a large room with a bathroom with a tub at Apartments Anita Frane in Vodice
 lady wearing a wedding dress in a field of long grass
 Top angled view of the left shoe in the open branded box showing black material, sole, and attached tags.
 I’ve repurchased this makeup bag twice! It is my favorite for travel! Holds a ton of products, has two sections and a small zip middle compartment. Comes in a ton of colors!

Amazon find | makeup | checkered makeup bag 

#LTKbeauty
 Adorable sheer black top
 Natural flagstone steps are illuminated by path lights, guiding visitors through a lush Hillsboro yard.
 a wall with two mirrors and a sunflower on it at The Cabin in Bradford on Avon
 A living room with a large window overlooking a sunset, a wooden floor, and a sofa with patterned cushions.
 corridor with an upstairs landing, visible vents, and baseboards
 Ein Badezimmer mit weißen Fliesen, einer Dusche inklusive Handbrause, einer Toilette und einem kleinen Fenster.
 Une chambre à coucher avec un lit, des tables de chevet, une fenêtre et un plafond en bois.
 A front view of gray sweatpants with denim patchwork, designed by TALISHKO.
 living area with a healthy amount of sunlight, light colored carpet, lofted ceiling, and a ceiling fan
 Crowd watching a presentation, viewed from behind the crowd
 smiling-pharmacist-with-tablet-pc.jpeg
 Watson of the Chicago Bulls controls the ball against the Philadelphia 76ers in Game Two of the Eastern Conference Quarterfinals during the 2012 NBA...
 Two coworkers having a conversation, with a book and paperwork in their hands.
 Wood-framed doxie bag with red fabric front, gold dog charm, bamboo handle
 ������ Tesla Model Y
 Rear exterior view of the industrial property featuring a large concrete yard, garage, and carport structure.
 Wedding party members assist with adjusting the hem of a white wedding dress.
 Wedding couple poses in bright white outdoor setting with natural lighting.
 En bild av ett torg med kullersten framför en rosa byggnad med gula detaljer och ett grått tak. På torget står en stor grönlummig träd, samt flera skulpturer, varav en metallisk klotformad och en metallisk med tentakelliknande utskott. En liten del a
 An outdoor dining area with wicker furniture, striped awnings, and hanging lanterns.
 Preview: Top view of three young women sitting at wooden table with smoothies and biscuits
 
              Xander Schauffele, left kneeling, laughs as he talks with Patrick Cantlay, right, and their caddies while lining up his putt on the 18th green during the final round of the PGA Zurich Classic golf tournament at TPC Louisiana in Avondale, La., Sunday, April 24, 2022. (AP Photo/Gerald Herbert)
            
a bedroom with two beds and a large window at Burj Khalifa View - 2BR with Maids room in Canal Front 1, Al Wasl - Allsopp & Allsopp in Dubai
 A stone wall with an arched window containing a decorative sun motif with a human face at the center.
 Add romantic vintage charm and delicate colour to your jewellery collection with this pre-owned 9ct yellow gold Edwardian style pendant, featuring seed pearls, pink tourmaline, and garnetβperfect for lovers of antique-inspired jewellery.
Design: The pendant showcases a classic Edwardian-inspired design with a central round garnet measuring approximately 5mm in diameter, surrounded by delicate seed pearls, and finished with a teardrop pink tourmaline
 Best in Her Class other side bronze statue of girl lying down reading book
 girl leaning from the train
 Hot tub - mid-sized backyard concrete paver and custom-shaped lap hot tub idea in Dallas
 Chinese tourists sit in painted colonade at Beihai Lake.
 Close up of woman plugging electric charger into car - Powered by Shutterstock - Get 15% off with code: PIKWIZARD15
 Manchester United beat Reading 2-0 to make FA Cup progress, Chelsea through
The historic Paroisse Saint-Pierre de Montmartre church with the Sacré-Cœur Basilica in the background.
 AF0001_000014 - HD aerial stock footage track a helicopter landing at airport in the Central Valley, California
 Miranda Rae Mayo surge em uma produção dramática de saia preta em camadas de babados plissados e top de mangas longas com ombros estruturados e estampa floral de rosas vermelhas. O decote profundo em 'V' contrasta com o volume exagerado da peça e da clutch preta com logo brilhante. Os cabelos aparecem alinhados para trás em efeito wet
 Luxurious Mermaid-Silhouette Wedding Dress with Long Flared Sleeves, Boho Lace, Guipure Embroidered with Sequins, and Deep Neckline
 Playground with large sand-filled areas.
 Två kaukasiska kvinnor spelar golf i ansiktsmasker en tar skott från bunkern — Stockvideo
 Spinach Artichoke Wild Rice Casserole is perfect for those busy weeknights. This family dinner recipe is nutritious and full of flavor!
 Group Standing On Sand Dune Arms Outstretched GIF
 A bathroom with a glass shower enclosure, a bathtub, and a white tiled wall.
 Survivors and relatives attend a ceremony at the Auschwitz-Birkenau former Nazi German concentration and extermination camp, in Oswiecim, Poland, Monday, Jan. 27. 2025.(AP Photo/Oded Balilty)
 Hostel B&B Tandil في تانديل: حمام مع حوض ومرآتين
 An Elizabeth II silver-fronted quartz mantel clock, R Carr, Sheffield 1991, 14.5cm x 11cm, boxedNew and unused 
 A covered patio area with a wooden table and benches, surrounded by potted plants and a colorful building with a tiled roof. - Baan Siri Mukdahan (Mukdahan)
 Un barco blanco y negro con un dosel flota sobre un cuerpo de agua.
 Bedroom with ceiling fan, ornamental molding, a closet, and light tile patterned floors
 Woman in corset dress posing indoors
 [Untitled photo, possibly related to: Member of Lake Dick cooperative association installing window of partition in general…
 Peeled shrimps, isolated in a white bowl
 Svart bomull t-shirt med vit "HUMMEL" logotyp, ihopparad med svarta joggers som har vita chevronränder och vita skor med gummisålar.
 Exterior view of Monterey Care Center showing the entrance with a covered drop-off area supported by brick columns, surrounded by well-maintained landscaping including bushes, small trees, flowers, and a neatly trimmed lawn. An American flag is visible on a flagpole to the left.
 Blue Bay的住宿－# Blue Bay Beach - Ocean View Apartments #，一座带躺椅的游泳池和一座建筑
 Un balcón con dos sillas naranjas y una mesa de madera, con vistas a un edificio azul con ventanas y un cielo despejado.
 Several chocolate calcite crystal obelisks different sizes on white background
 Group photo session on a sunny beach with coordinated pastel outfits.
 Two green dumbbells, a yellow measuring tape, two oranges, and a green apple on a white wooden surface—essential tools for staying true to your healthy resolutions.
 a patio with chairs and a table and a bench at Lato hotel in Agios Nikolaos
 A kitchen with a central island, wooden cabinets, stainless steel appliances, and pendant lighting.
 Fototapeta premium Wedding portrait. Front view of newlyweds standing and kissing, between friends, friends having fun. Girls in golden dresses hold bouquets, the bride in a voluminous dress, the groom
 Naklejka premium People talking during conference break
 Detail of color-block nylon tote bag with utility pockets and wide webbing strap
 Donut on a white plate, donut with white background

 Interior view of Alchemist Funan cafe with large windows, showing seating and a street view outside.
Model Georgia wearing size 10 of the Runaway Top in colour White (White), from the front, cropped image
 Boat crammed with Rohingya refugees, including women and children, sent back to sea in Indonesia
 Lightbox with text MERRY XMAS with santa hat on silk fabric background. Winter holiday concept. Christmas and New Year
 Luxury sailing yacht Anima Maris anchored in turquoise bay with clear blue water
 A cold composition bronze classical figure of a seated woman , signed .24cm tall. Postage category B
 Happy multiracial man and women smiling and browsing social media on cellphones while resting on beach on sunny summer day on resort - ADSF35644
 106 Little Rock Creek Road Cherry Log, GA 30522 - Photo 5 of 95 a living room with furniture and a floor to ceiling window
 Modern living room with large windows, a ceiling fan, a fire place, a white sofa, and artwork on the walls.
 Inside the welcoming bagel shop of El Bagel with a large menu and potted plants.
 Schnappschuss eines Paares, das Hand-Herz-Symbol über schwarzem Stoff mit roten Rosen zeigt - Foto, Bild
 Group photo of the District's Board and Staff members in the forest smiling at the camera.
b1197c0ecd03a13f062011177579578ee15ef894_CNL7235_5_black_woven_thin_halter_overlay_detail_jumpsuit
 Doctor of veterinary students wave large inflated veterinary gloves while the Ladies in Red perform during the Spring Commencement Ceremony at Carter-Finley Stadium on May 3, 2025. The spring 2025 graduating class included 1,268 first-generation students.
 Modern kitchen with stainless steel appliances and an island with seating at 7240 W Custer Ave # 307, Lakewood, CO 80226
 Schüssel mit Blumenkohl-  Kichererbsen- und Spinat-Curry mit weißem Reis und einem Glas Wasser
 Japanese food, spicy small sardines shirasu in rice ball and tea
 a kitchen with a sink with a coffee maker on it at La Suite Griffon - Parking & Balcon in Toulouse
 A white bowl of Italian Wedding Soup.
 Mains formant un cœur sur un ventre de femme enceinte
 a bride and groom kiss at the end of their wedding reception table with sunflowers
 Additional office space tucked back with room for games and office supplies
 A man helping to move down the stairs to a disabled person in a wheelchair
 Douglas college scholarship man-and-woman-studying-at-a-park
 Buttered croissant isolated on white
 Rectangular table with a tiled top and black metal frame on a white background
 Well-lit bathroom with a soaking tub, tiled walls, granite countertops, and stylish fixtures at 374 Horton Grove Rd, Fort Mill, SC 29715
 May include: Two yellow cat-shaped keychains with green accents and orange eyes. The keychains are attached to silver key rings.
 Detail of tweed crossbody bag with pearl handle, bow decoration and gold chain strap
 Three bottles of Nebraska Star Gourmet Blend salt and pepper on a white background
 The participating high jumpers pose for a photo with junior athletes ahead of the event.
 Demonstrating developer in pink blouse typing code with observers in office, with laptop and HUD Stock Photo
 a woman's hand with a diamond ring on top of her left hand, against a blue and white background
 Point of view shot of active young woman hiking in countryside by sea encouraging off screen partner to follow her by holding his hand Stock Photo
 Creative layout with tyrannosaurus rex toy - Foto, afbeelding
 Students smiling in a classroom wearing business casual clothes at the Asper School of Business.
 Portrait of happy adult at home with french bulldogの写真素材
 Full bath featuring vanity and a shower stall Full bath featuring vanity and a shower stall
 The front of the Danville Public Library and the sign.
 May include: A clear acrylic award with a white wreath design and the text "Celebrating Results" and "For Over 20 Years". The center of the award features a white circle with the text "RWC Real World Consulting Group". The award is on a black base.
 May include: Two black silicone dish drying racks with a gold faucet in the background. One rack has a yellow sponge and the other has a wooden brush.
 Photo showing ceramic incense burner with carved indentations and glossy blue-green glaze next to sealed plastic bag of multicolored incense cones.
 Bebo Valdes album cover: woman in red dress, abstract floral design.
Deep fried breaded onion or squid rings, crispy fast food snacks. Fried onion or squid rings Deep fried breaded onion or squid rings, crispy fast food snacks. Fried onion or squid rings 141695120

Work to complete | All lines in the data above from the one with "A front view" through the one with "Preview: Top view" must be repeated exactly, and no others.

Result |
 A front view of gray sweatpants with denim patchwork, designed by TALISHKO.
 living area with a healthy amount of sunlight, light colored carpet, lofted ceiling, and a ceiling fan
 Crowd watching a presentation, viewed from behind the crowd
 smiling-pharmacist-with-tablet-pc.jpeg
 Watson of the Chicago Bulls controls the ball against the Philadelphia 76ers in Game Two of the Eastern Conference Quarterfinals during the 2012 NBA...
 Two coworkers having a conversation, with a book and paperwork in their hands.
 Wood-framed doxie bag with red fabric front, gold dog charm, bamboo handle
 ������ Tesla Model Y
 Rear exterior view of the industrial property featuring a large concrete yard, garage, and carport structure.
 Wedding party members assist with adjusting the hem of a white wedding dress.
 Wedding couple poses in bright white outdoor setting with natural lighting.
 En bild av ett torg med kullersten framför en rosa byggnad med gula detaljer och ett grått tak. På torget står en stor grönlummig träd, samt flera skulpturer, varav en metallisk klotformad och en metallisk med tentakelliknande utskott. En liten del a
 An outdoor dining area with wicker furniture, striped awnings, and hanging lanterns.
 Preview: Top view of three young women sitting at wooden table with smoothies and biscuits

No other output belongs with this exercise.